[Opening Data section]

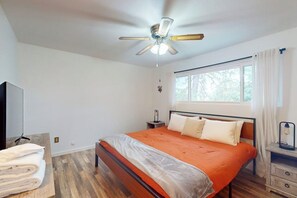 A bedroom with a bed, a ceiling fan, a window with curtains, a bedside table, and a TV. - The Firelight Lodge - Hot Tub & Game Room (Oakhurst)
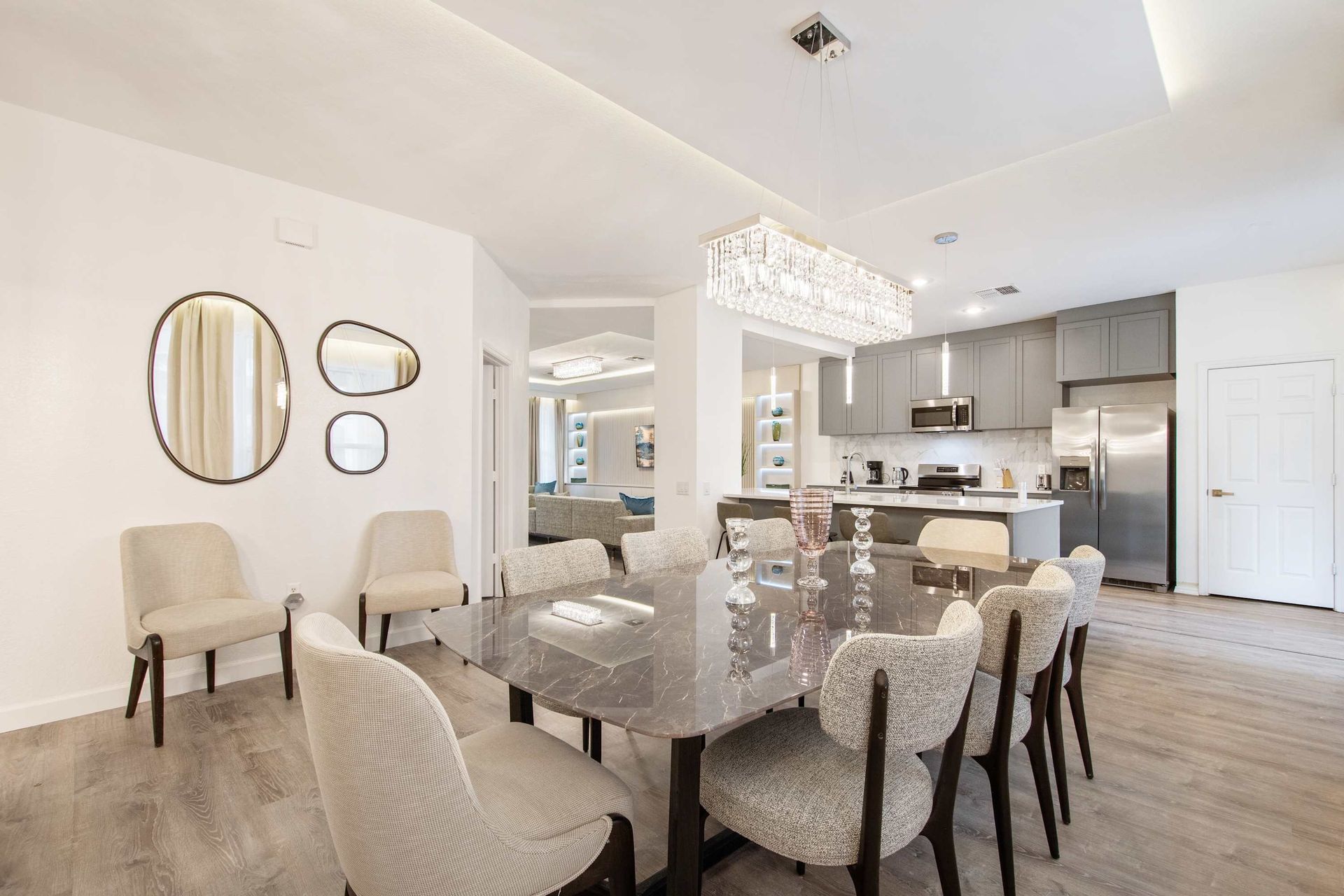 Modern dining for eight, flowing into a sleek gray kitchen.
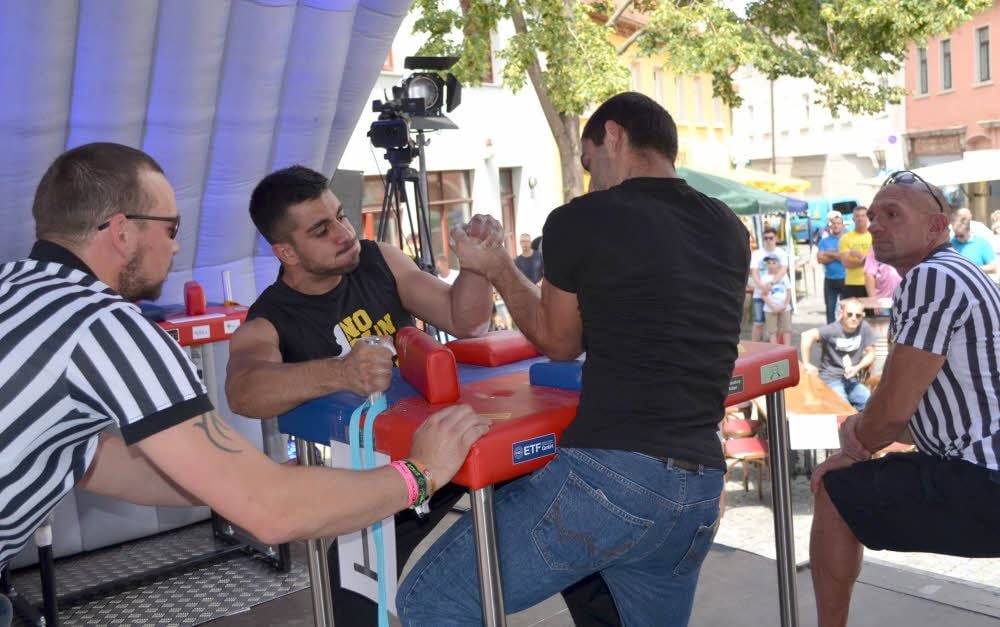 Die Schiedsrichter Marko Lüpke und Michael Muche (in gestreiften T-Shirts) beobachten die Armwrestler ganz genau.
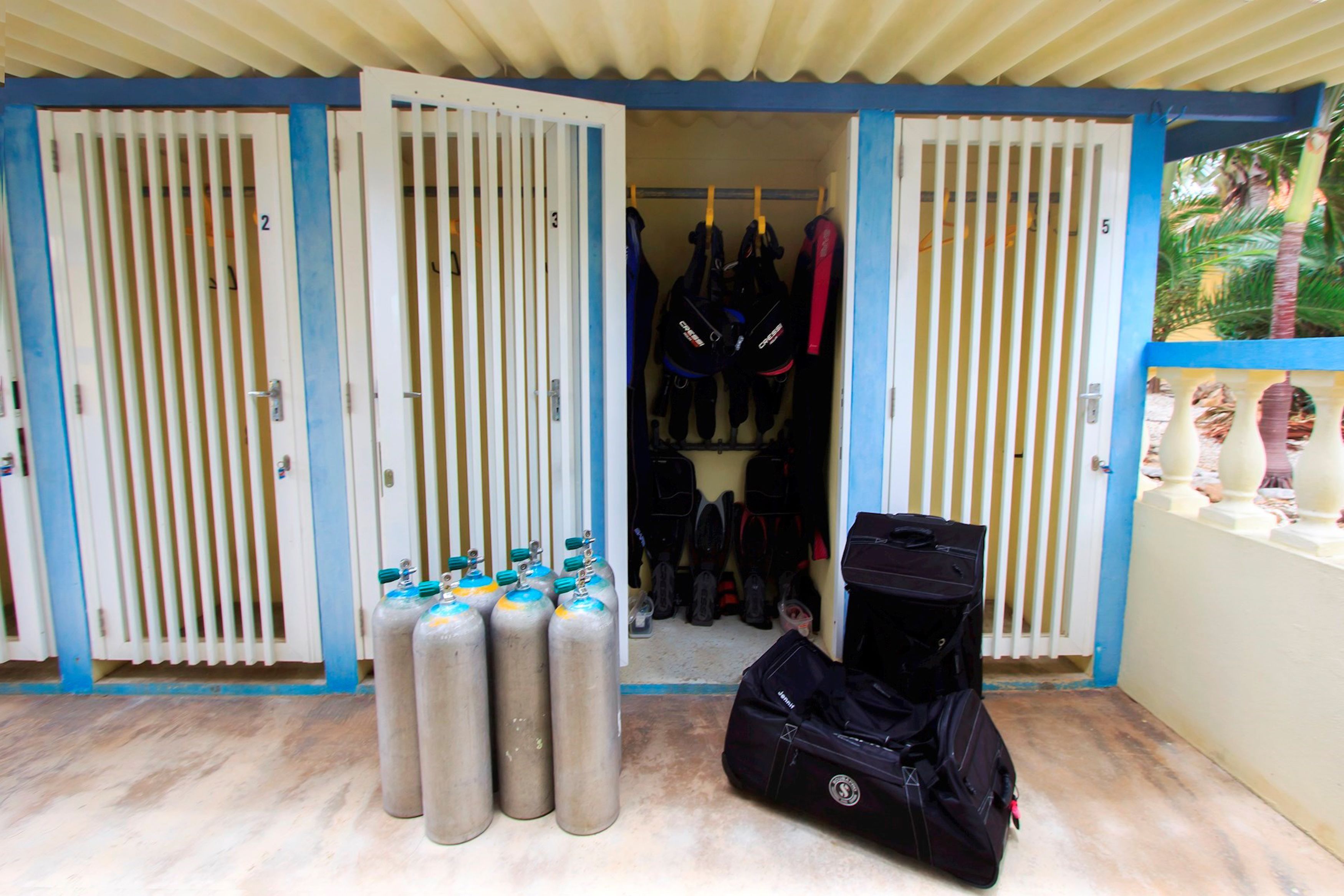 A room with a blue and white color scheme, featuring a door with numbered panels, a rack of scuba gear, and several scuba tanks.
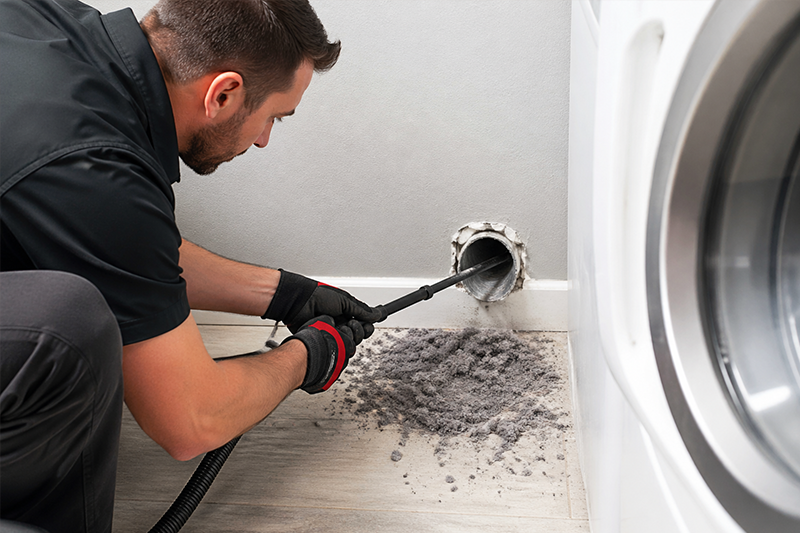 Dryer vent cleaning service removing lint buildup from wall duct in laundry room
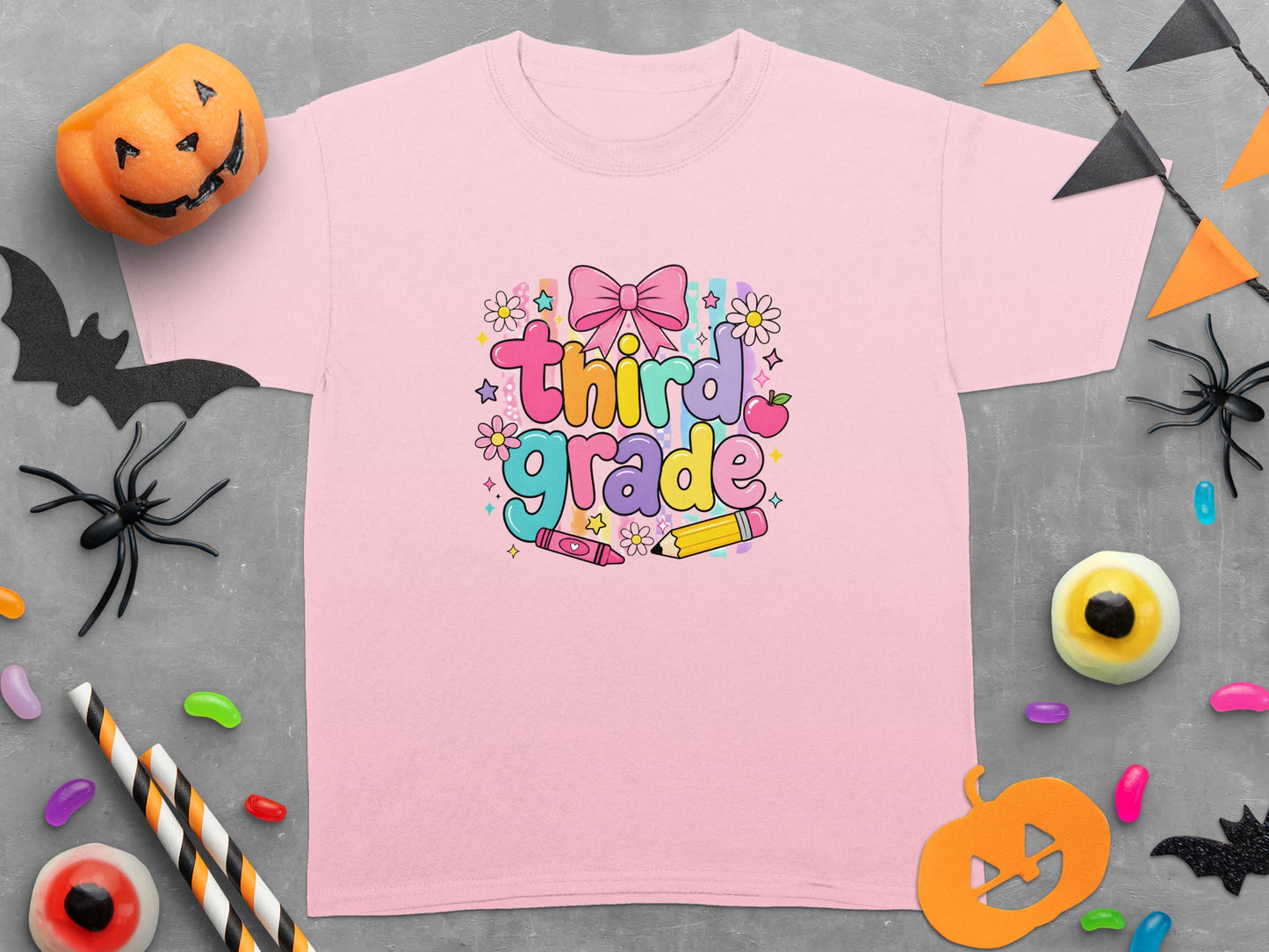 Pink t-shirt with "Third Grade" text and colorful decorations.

[Closing Data section]

### What the task asks
With the pictures left out, copy exactly the lines above from the line containing "Dryer vent cleaning" through the last line of the entries.

### Solution to this task
 Dryer vent cleaning service removing lint buildup from wall duct in laundry room
 Pink t-shirt with "Third Grade" text and colorful decorations.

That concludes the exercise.